When Neils Bohr shook hand with Werner Heisenberg, what kind of force they exerted?

(a) Gravitational

(b) Electromagnetic

(c) Nuclear

(d) Weak.

#### Answer:

(b) Electromagnetic

When Neils Bohr shook hand with Werner Heisenberg, electromagnetic force is exerted on each other. This is because when their hands made contact with each other, the atoms at the two surfaces come close to each other. The charged constituents of the atoms in the hands exert forces on each other and, as a result, a measurable force is produced.

#### Page No 62:

#### Question 2:

Let E, G and N represent the magnitudes of electromagnetic gravitational and nuclear forces between two electrons at a given separation. Then

(a) N>E>G

(c) E>N>G

(c) G>N>E

(d) E>G>N

#### Answer:

(d) E>G>N

Between two electrons at a given separation, the strongest acting force is the electromagnetic force. The gravitational force is the weakest force between any two particles. There is no nuclear force acting between them, because it exists only in the nucleus (between proton-proton or neutron-neutron or both).

#### Page No 62:

#### Question 3:

The sum of all electromagnetic forces between different particles of a system of charged particles is zero

(a) only if all the particles are positively charged

(b) only if all the particles are negatively charged

(c) only if half the particles are positively charged and half are negatively charged

(d) irrespective of the signs of the charges.

#### Answer:

(d) irrespective of the signs of the charges.

The sum of all electromagnetic forces between different particles of a system of charged particles is zero irrespective of the sign of the charges, because electromagnetic force is a vector quantity that depends upon the direction.
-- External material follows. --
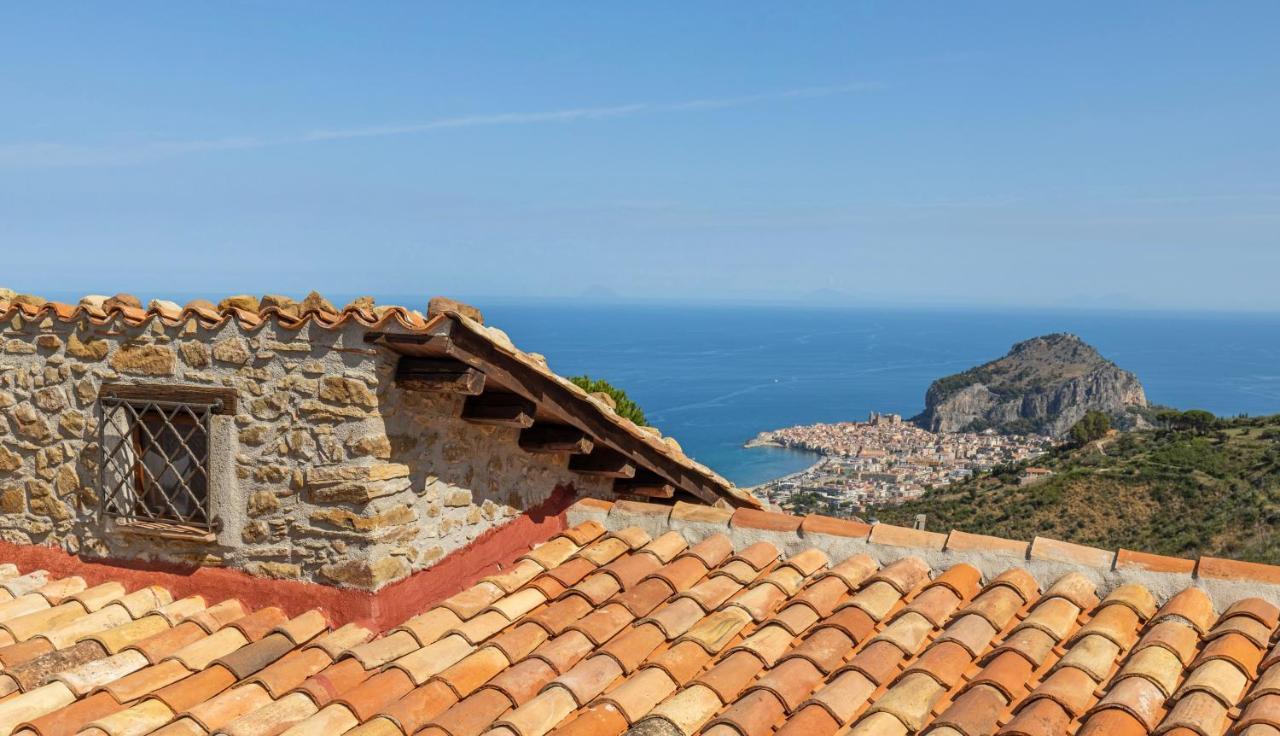 Malandrino Cottage Чефалу Экстерьер фото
So, we consider the directions while adding vector quantities.

#### Page No 62:

#### Question 4:

A 60 kg man pushes a 40 kg man by a force of 60 N. The 40 kg man has pushed the other man with a force of

(a) 40 N

(b) 0 N

(c) 60 N

(d) 20 N

#### Answer:

(c) 60 N

According to Newton's third law, which states that an action-reaction pair of forces are equal in magnitude, the man who weighs 40 kg will push the other man with the same force of 60 N.

#### Page No 62:

#### Question 1:

A neutron exerts a force on a proton which is

(a) gravitational

(b) electromagnetic

(c) nuclear

(d) weak

#### Answer:

(a) gravitational

(c) nuclear

A neutron exerts both the gravitational and nuclear forces on a proton.

The gravitational force can be seen between a neutron and a proton. However, its strength is negligible. The nuclear force is exerted only if the interacting particles are neutrons or protons or both. A neutron cannot exert electromagnetic force, because it is a neutral particle.

#### Page No 62:

#### Question 2:

A proton exerts a force on a proton which is

(a) gravitational

(b) electromagnetic

(c) nuclear

(d) weak

#### Answer:

(a) gravitational

(b) electromagnetic

(c) nuclear

A proton exerts gravitational, electromagnetic and nuclear forces on a proton.
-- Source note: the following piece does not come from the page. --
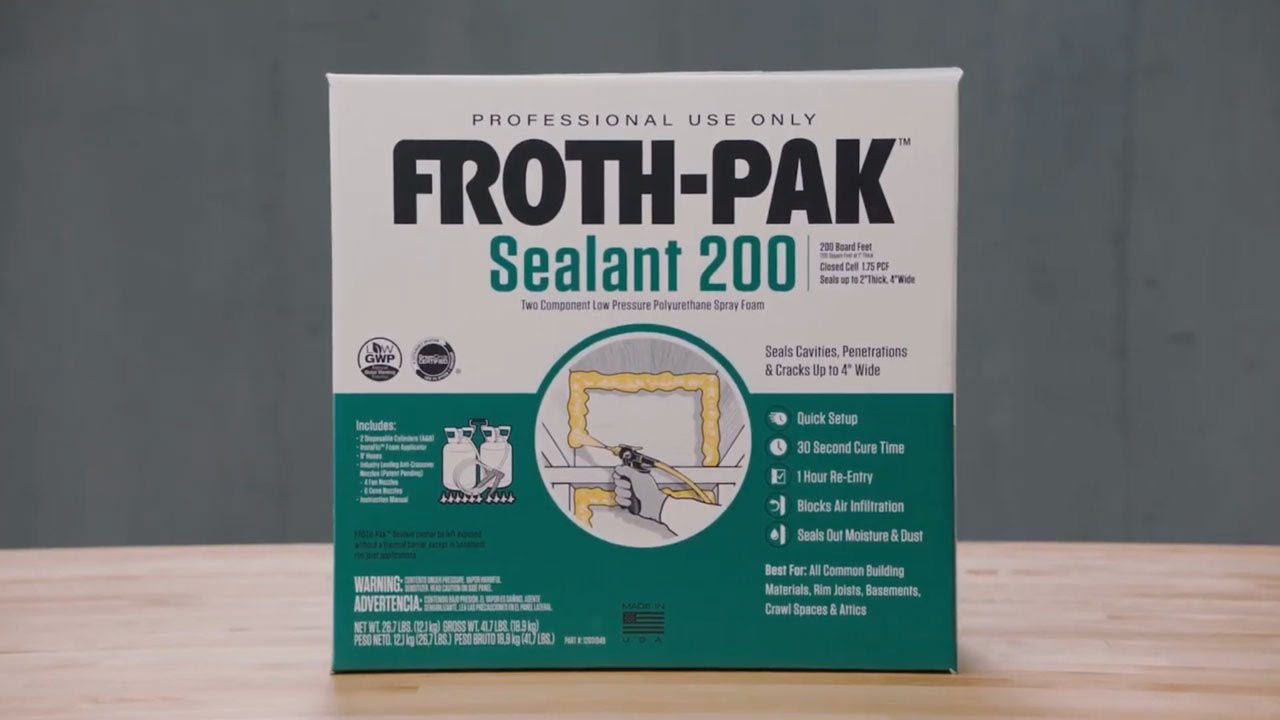 Dow Froth-Pak Low GWP Kits | How To Set Up and Shut Down the Froth Pak&trade; 200 Series Kit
The gravitational force can easily be seen everywhere; it the weakest among all the forces. It is negligible in elementary particles like protons.

The electromagnetic force can be seen between charged particles. Since proton is a charged particle, it can exert this force on other protons.
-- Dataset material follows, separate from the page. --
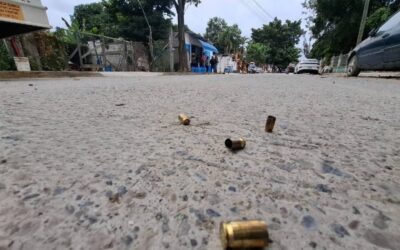 Ataque armado en Álamo: sujeto recibe tres impactos  en la Colonia Arboleda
The nuclear force is present only if the interacting particles are protons or neutrons or both. So, this force can exist between two protons.

#### Page No 62:

#### Question 3:

Mark the correct statements:

(a) The nuclear force between two protons is always greater than the electromagnetic force between them.

(b) The electromagnetic force between two protons is always greater than the gravitational force between them.

(c) The gravitational force between two protons may be greater than the nuclear force between them.

(d) Electromagnetic force between two protons may be greater than the nuclear force acting between them.

#### Answer:

(b) The electromagnetic force between two protons is always greater than the gravitational force between them.

(c) The gravitational force between two protons may be greater than the nuclear force between them.

(d) Electromagnetic force between two protons may be greater than the nuclear force acting between them.

The electromagnetic force between two protons is always greater than the gravitational force between them, because gravitational force is the weakest force in nature.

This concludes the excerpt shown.